Our parents were very proud when we got to serve our first mass. I recall bringing my cassock and surplice home for my grandmother, who lived with us, to wash and press. I recall that the parish provided the cassocks but my parents had to buy the surplice. We maintained them very carefully. Each altar boy was assigned a tall wooden locker behind the altar in which to store his vestments. When we came in the vestry doors of the church it felt like any other locker room, full of boys and the bustle of changing clothes and sprucing up. We shared the vestry with the members of the boys’ and men’s’ choirs as well so it was often a crowded place before the high mass on Sundays.

To the best of my recollection, only parochial school students ever got to be altar boys. There was a constant undertone of competition between the parochial school system and the public school system, including the high school adjacent to St. John’s. Extremists on the playground would sometimes take the position that if you went to public school, there was no way you could ever go to heaven. It’s no wonder we still use the term parochial to mean “narrow-minded: concerned only with narrow local concerns without any regard for more general or wider issues.”

My brother Bill was 4 years older than me. My sister Ann was 1 year older. They both had preceded me in attending St. John’s school. At the time we went to the school, it was housed in two Victorian homes that stood on the church property. One was almost directly behind the church and had originally faced Eastern Avenue, which formed the rear boundary of the church’s property. This building had once been the residence of the church’s first organist, Bert Curley. I know this because I sang in the boys’ choir and we used some of the original hymnals that had been specially printed for the church in its early years. They had Choirmaster Bert Curley’s name printed inside the front cover. My grandmother told me he had lived in the old residence on Eastern Avenue.

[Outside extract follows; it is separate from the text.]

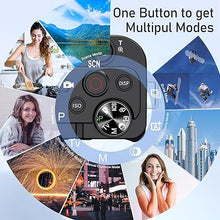 Load image into Gallery viewer, Cameras for Photography,4K 64MP Digital Camera,12X Optical Vlogging Camera for YouTube,One Button Point and Shoot Digital Camera,Auto-Focus Video Camera,Travel Camera with 64G TF Cards for Beginners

Monsignor Finn died in 1974, 20 years after I had been so terrified at his presence.  He had been replaced a few years earlier by an Administrator whom the Bishop had sent to assist him.  That priest, Father Arnold J. English, succeeded the Monsignor as pastor of St. John's parish.  The Monsignor's obituary really doesn't reflect the enormous impact he had on the Catholic community in Schenectady.

The following appeared on 15 January 1974 in the Schenectady Gazette: At rest on January 11, 1974, Rt. Rev. Msgr. John J. Finn of 1144 Wendell Ave; brother of Miss Ella T. Finn of Schenectady, the late Daniel J. Finn and the late Miss Anna A. Finn; uncle of Mrs. John T. (Mary) Breen of Glens Falls; granduncle of Mrs. Herbert (Mary Ellen) Oliver of Glens Falls, Mrs. Joseph Bak of Troy and J. Timothy Breen of Albany. The Jones Funeral Home (Kivlin-Campbell), 1503 Union St., Schenectady, will be open Sunday after 1 p.m. The body will be taken to St. John the Evangelist Church at 7 p.m. Monday for a Parish Mass at 7:30 p.m. followed by viewing hours until 10 p.m. There will be viewing hours Tuesday morning before a con-celebrated pontifical mass of Christian Burial offered by Most Rev. Edward J. Maginn as principal celebrant. Joining him as con-celebrants will be Rev. M. Kenneth Doyle, also acting as homilist, Msgr. John Fitzgerald, Rev. Thomas Tooher, Rev. Lawrence Ryan, Rev. Edward McManus, Rev. Raymond Swords, S.J., Rev. Joseph Hennessey and Rev. Edward Hickey. In lieu of flowers friends who so desire may make contributions in his memory to the Schenectady Catholic Family Services, 1014 Union St., Schenectady, N.Y. Interment, St. Mary's Cemetery, South Glens Falls, New York.